L’art est une arme de construction massive.


De : Jacques Livchine

Publié, le dimanche 20 juillet 2003 | Imprimer Imprimer |
Dernière modification : samedi 19 juillet 2003


Le malaise s’amplifie

Jean-Marc Adolphe, de Mouvement, dans un débat réclame la démission dès la rentrée de tous les directeurs d’institution, CDN, Scènes nationales, maisons de la culture.

Protestations dans l’assemblée.

Et pourtant, c’est parti, rien ne pourra plus être comme avant.

L’ancien régime des Institutions hiérarchisées, bastilles de l’absolutisme artistique doit mourir, et laisser la place à des lieux artistiques bruyants, vivants, contradictoires, ouverts jour et nuit, désordonnés, sales.

Terminées les programmations sans imagination pour abonnés endormis.

On doit réparer un système qui a fait son temps.

Les barons, marquis, comtes, et comtesses qui tiennent les manettes des établissements n’ont plus lieu d’exister, ils doivent laisser la place à ce mouvement puissant.

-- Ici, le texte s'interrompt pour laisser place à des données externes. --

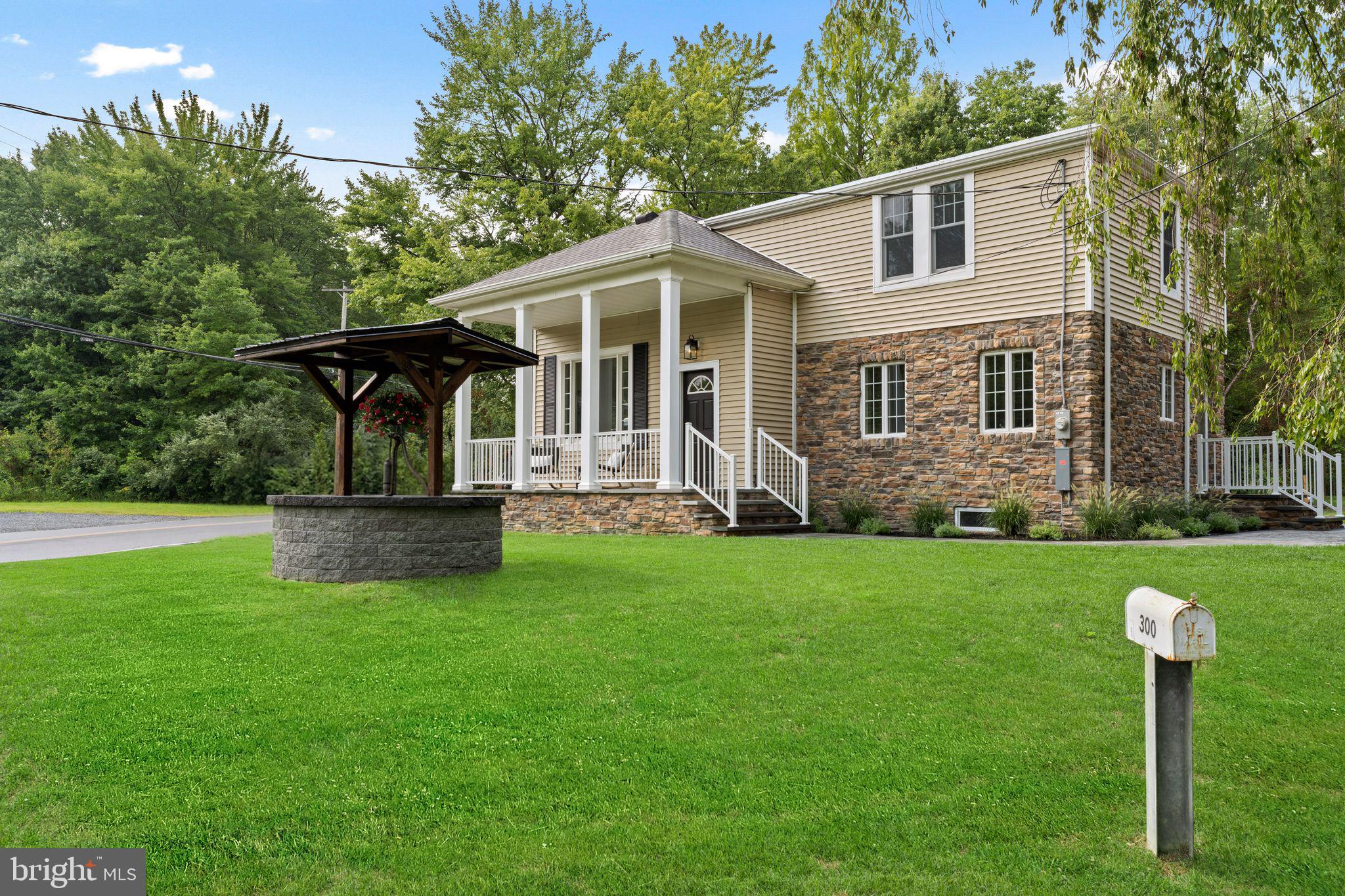 300 ROCK ROAD E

Ils ont été les complices objectifs de ce protocole d’accord, combien de fois n’ont ils pas déclaré les uns et les autres qu’il y avait trop de compagnies, de comédiens, de spectacles médiocres.

Pourquoi ce silence énorme des Dracs, ils vont tous être limogés d’ici quelques jours, ils pourraient montrer qu’ils ne sont pas totalement soumis.

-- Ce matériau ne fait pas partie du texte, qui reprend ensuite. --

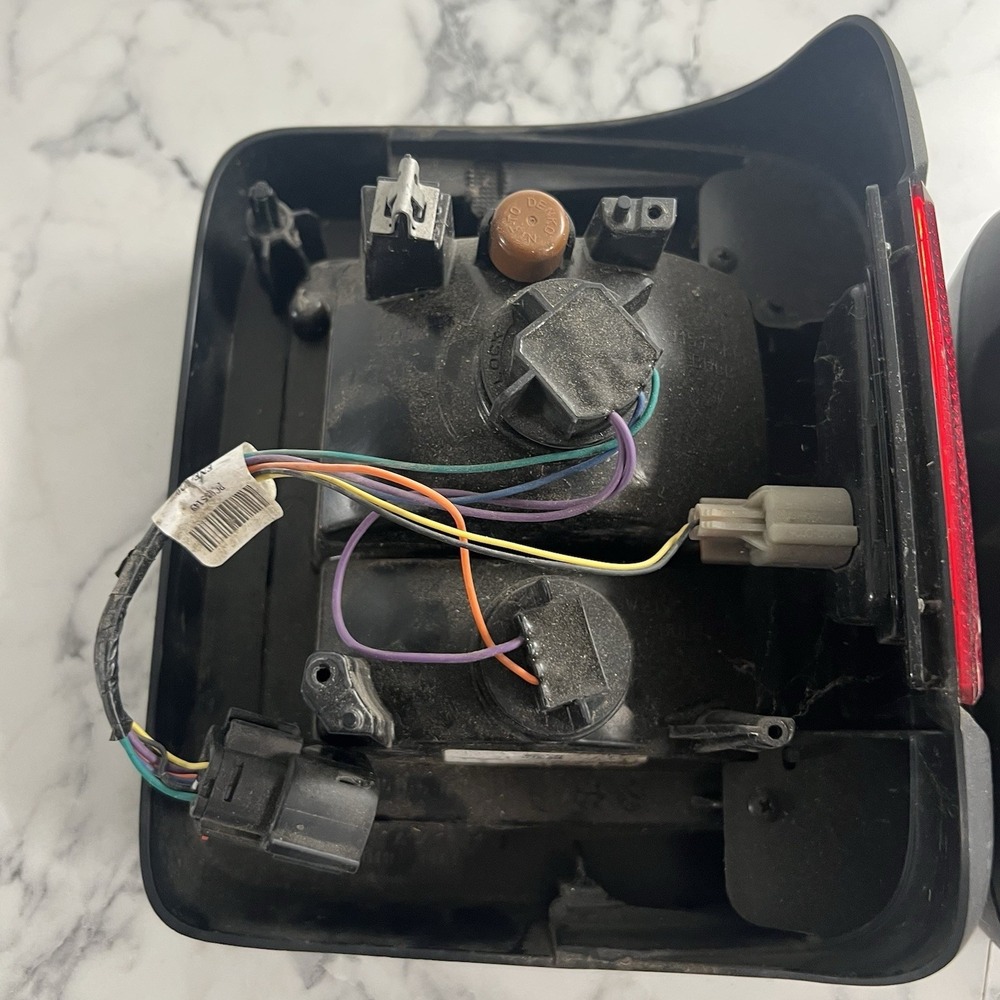 2018-2025 Jeep Wrangler JL Left & Right Set Tail Lights w/ Wiring Harness - Picture 6 of 9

Les tuyauteries fuient, les odeurs de consanguinité sont nauséabondes.

Le raz le bol est extrême, une violence trop désordonnée est en train de jaillir.

Nous nous sommes trop retenus si longtemps.

Maintenant il s’agit de déconstruire le régime qui nous étouffe, celui qui nous empêche de jouer, nous coupe du public, des populations, tous ces lieux bien pourvus, magnifiquement dotés, mais qui ne jouissent d’aucun rayonnement tant ils sont enfermés dans leur frilosité depuis des lustres.

Plus de pétition, plus de déclarations gentillettes, le mouvement est un torrent en colère que personne ne peut plus empêcher, le ministre va tomber comme un fruit mûr, il faut se tenir prêt.

Tous les artistes excédés, les compagnies lasses d’être « rembarrées » vont s’installer en douceur dans toutes les institutions de leurs régions respectives.

Et là, on va reconstruire tranquillement une nouvelle vie culturelle, avec le public, avec les gens, avec les jeunes, dans un foisonnement extrême, dans la diversité, dans la générosité, dans la qualité.

L’argent public sera utilisé pour les populations dans leur entier, pas pour une minuscule fraction de la société.

Début juillet, j’avais demandé la place de ministre de la culture. Mais je n’avais pas de programme hormis le protocole honni. Là je sens un peu plus la chose. Mon problème c’est l’habit, Faut-il vraiment que je m’achète un Ted Lapidus ? Est-ce que ma chienne, Pina, pourra m’accompagner dans mes déplacements ?

Que fera-t-on des anciens directeurs d’établissements ?

On leur fera goûter le charme des 507 H, ils verront à quel point c¹est cool d’être intermittent à 13 Euros par jour. On leur confiera des missions de temps en temps ; s’ils n’ont pas assez d’heures, ils viendront nous en racheter, on ne sera pas cruels jusqu’à les jeter au RMA.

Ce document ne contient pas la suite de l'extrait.